We made it to the navigation aid at the point, dropped our bag and then continued to the coast to explore the tide pools. Jess went to take some pictures while I made a half hearted attempt at a letterbox (missing). When I caught up with Jess, she gestured me over and pointed down at the beach and a large Monk Seal. Jess had been taking pictures and hadn’t even noticed the seal until he had sneezed and started flopping down the beach. (You can see a video of it moving on her instagram post)
Another native to Hawai’i, and one of only two native mammals, the Monk Seal is an endangered species with less than 1500 seals left. We took our pictures and kept our distance. Later, at home, we made a seal report to NOAA who informed us that (based on a bleach marking) this was ‘Rip,’ a 15 year old male.
We continued down to the rocky coast and the tide pools and looked around. We saw plenty of small fish and crabs in the pools, and we spotted a red striped cleaner shrimp and a pair of sea cucumber. We then sat, ate an apple, and admired the sea and the view of the Wai’anae Mountains. As more people arrived, we decided it was time to go and headed south towards the other end of the predator fence. Along the way, we passed an Albatross just off the side of the trail. We took the opportunity to take a picture of it, and while taking pictures she shifted in position, revealing a fluffy grey chick underneath her. Of course, it’s funny to call this ball of fluff a chick since it’s about the size of a grown hen.
We then returned back the way we came. Dodging mud puddles, finding a couple more letterboxes, and always wondering about those peaks and canyons nearby. We passed a fair number of people on the way out, and the parking lot was full when we got back to the car. Just goes to show, always go early on Oahu. (Unless it’s a popular place for sunrises, then don’t). Altogether, this trail was 5 miles round trip, and we took about 3 hours including time spent at the point admiring the wild life.

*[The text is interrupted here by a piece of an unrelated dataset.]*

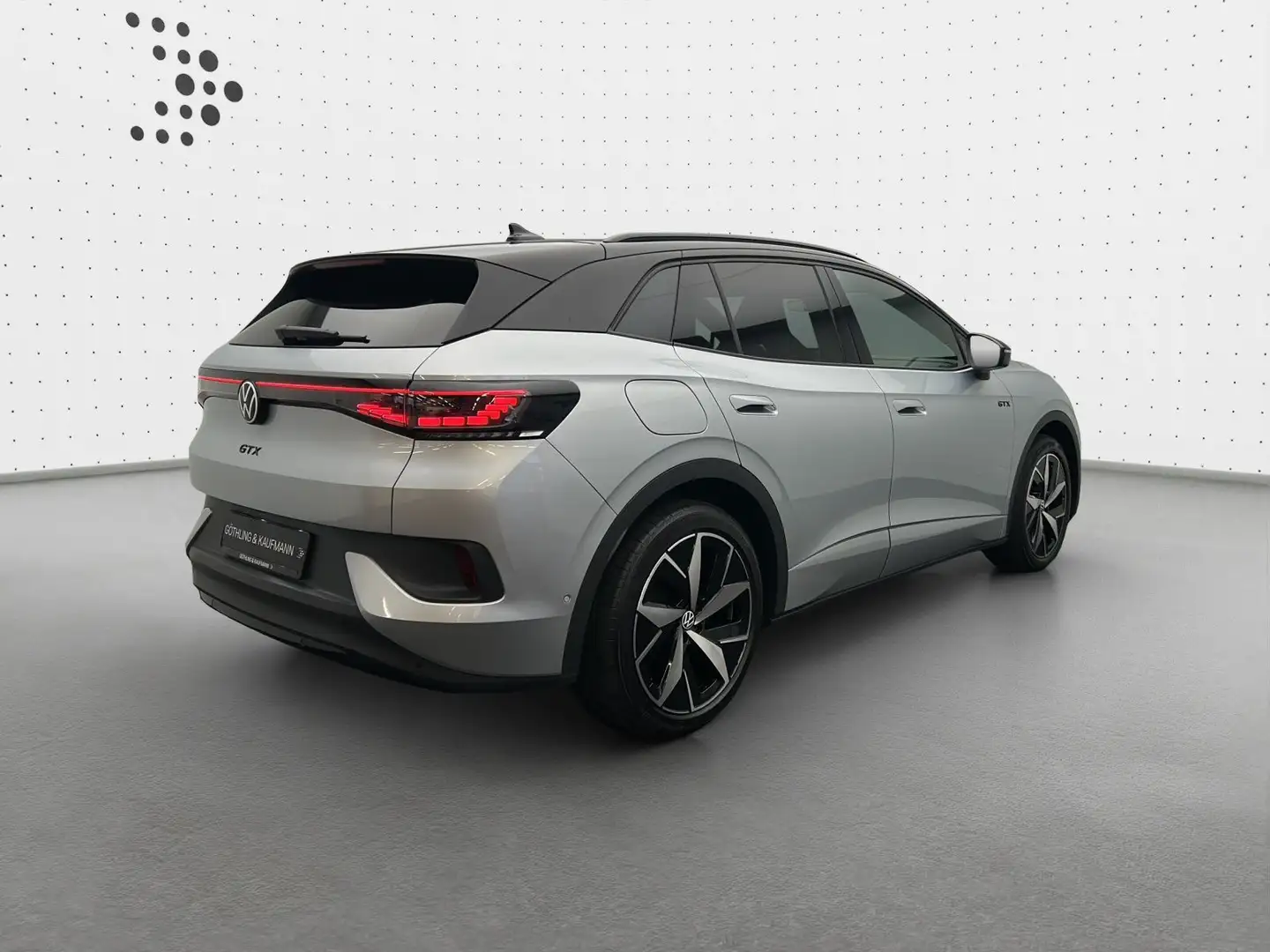 Volkswagen ID.4 GTX 4M 220kW*NAVI*PANO*AHK*360*AR-HUD*Wärme Silber - 2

We decided to drive through the town of Wai’alua, keeping our eyes open for the Whispering Giant statue that went missing. Rumor has it that it’s on someone’s property, but that was ten years ago. More research is needed for sure. We drove over to the more touristy town of Haleiwa for some shaved ice cream, only to find our favorite food truck closed for the day. We decided to branch out to some of the more popular shaved ice at Matsumoto’s Shaved Ice shop. It’s no shaved ice cream, but it was still tasty. I’d like to ask Mr. Matsumoto if he knows where the giant is. He’s been here since the 50’s supposedly.
We found a couple of boxes in town and then decided to head home taking the Kamehameha Highway over the North Shore, a drive we hadn’t done since before we moved into our home. Drives like this remind us that there’s still so much more on this island that we have to explore, and we are looking forward to finding more remote and less popular spots.